Ucrania y Rusia: peligrosos vientos de guerra

Por Karl Werner.

A comienzos de diciembre, el presidente Putin destinó miles de soldados a la frontera con Ucrania con el pretexto de impedir el tan temido ingreso del Estado ucraniano en la OTAN con el consecuente fin de la histórica dependencia de Kiev respecto a Rusia y la aparición de una amenaza en el “patio trasero” del Kremlin. Una demostración de fuerza también destinada a disipar dudas sobre la capacidad de la Federación Rusa de mantener intacta y firme su influencia sobre las repúblicas de la ex-URSS, sacudidas por las recientes movilizaciones populares en Bielorrusia.

Estados Unidos y la Unión Europea denuncian las maniobras militares de Moscú en nombre de la defensa de la soberanía del Estado ucraniano y anuncian represalias de carácter económico, aunque disimulando mal incomodidades y nerviosismo. De hecho no se pueden permitir romper relaciones con Putin por numerosas razones, que van desde la dependencia energética de los países europeos hasta la preocupación de los norteamericanos de que Moscú estreche aún más orgánicamente una alianza con China, lo que desde hace años se manifiesta en numerosos terrenos de carácter estratégico.

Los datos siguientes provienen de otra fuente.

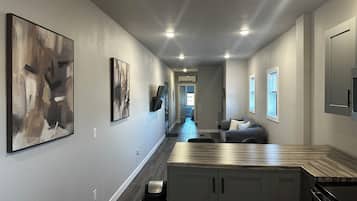 Luxury Apartment, City View | Private kitchen | Full-sized fridge, microwave, oven, stovetop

Muchos sostiene que Putin solo busca, en realidad, obtener una ventaja político-diplomática sin embarcarse en una acción militar desestabilizadora y llena de incógnitas y peligros para el régimen del Kremlin. Sin embargo, bien sabemos que cuando los Estados se preparan para la guerra, a menudo la terminan haciendo, impulsados por su imparable lógica bélica que está en la base de su fundación y de la defensa de su propia existencia. En este caso, el antecedente es demasiado reciente como para no alarmarse: en 2015 Putin invadió extensas zonas del territorio ucraniano anexionando impunemente Crimea e intentando ocupar militarmente toda la región minera del Donbass. Esta última aún está en disputa entre dos Estados después de una guerra que duró tres años y que causó más de 10.000 muertos y cerca de 25.000 heridos. La que pagó el precio más caro es la población ucraniana constreñida a un éxodo masivo hacia los países limítrofes, en primer lugar Polonia, donde los inmigrantes ucranianos hoy son cerca de un millón. Entre ellos, muchos de los diez mil desertores que huyeron de las bandas paramilitares conformadas por el presidente ucraniano Poroshenko que iban de casa en casa para enrolar a los jóvenes a la fuerza. Esta es una demostración de que el nefasto expansionismo gran-ruso –el cual reabre las heridas de terribles dramas históricos del pasado reciente– no puede de ninguna manera ser combatido en nombre del revanchismo nacionalista, no menos obtuso y reaccionario, promovido por el régimen ucraniano.